Academic researchers increasingly need public visibility. Grant funders, tenure committees, and institutions now reward broader impact, but most scientists lack the time or skill to translate dense papers into engaging social content. Writing a thread or LinkedIn post from a 30-page paper is slow, and generic AI tools strip out nuance or hallucinate claims, which is a career risk when your reputation rests on accuracy.
Marky for Science Communicators solves this. A researcher uploads a paper (PDF or DOI), and the product generates a full week of platform-specific posts: X threads, LinkedIn posts, Bluesky, and short-form scripts. Every claim is tied back to the exact section of the source paper, with accurate citations, so the scientist can verify before publishing. The core promise is not just content but trustworthy content that will not embarrass the author.
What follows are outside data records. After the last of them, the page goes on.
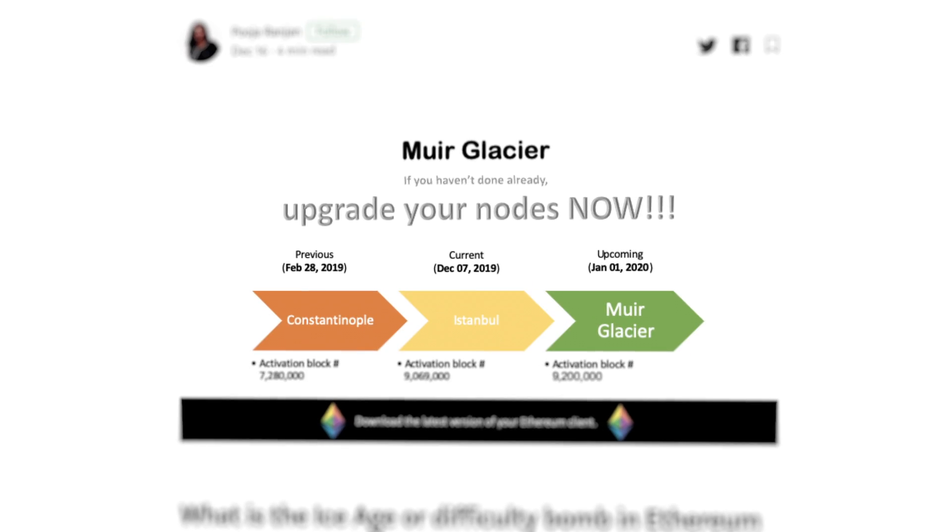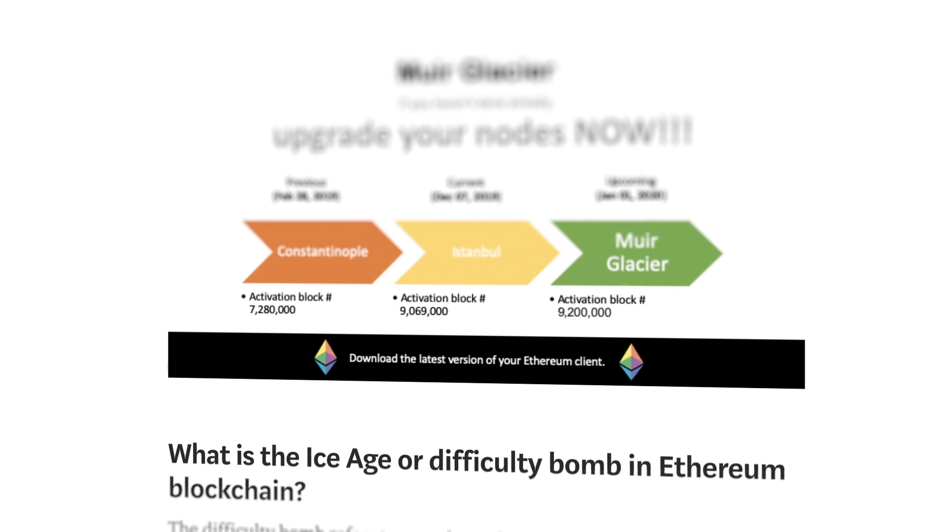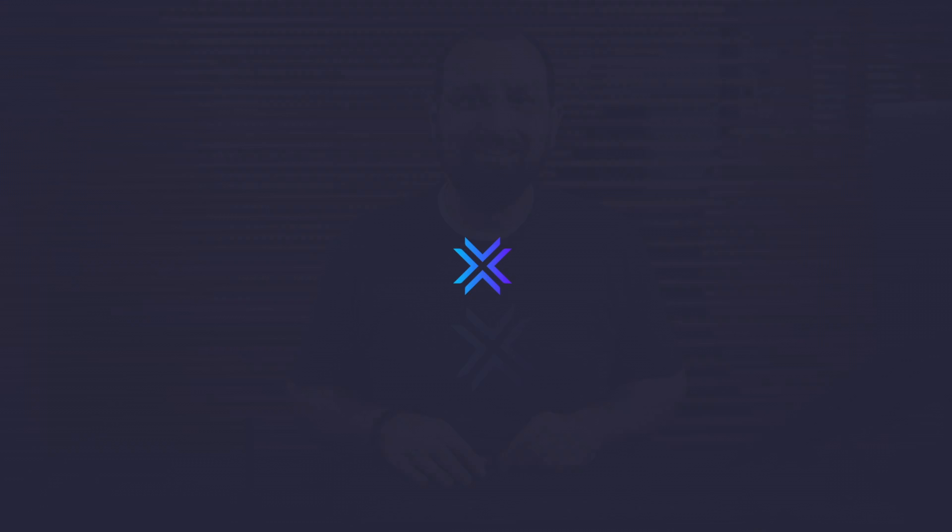If you're someone who likes to dive into deep technical details, you can find the gritty info from the Ethereum cat herders, who have compiled them all in one place for easy consumption. I'll include a link in the description below. Be sure to click like and subscribe to stay on the cutting edge of crypto. See you next time.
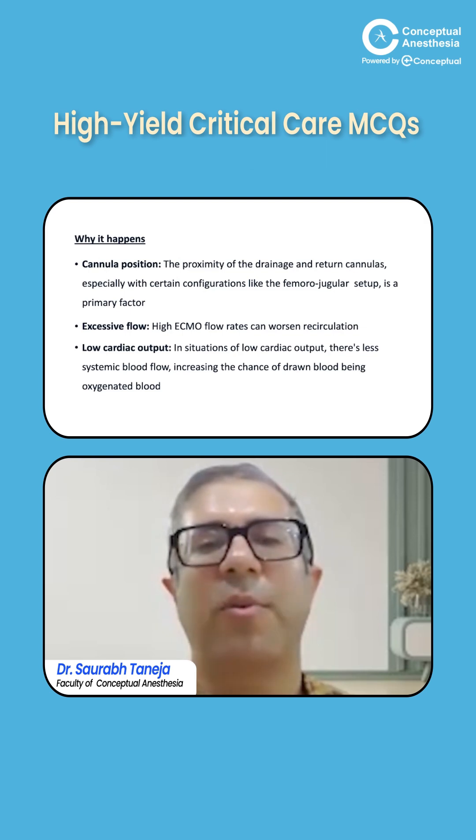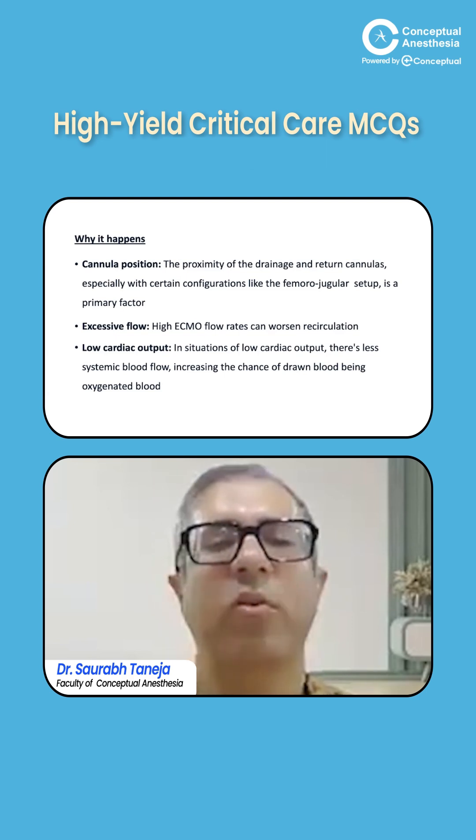This happens due to close proximity of the drainage and return cannulas, especially in femoro-jugular configurations. High ECMO flow rates can worsen recirculation, and low cardiac output increases the chance of oxygenated blood being re-drawn. Low cardiac output may not be in our hands, but excessive flow and cannula position can be manipulated and corrected.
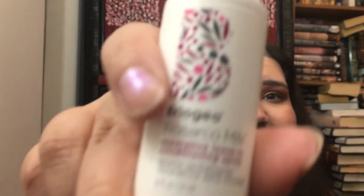This next one is actually one of the reasons I bought this set. It's Briogeo Rosarco Milk Repair Leave-In Conditioning Spray — I love this but it's like $20 a bottle. This is 0.75 ounces and I'm really excited to have it back in my life.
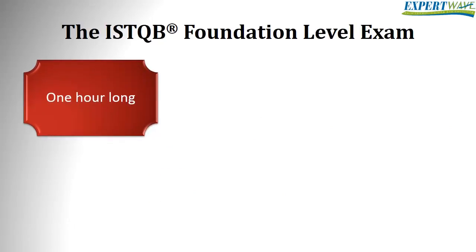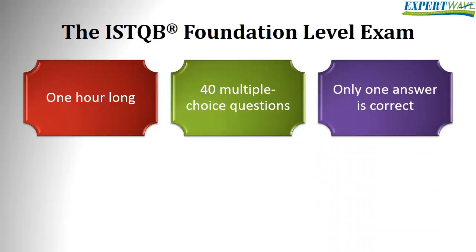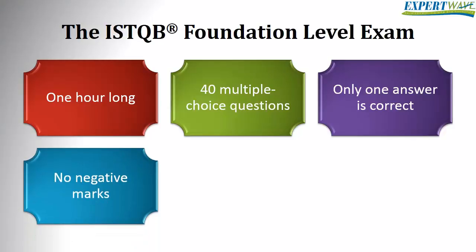The ISTQB foundation level exam is one hour long. The exam comprises 40 multiple choice questions. All of the questions are of the same value, and for every question there is only one correct answer. You don't get any negative marks if you answer any question incorrectly, so make sure you answer all the questions.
The MVP is narrow: PDF upload, extraction of key findings, generation of a 7-post batch per platform, inline citation anchoring to the source, and one-click edit/export. No scheduling or analytics at first. This keeps the build focused on the differentiator, which is fidelity to the paper.
Revenue is a straightforward SaaS subscription: a monthly tier for individual researchers and communicators, with a higher tier for labs, university comms offices, and science media teams that manage multiple authors. GTM starts inside science communication communities and courses (the SciComm crash course audience), academic Twitter/Bluesky, and university communications departments who already do this work manually.
Growth loops come from the output itself: every published post is a live sample of the product, and citation-linked posts can carry subtle attribution. Labs that adopt it pull in co-authors, and university comms teams become multi-seat accounts that expand across departments.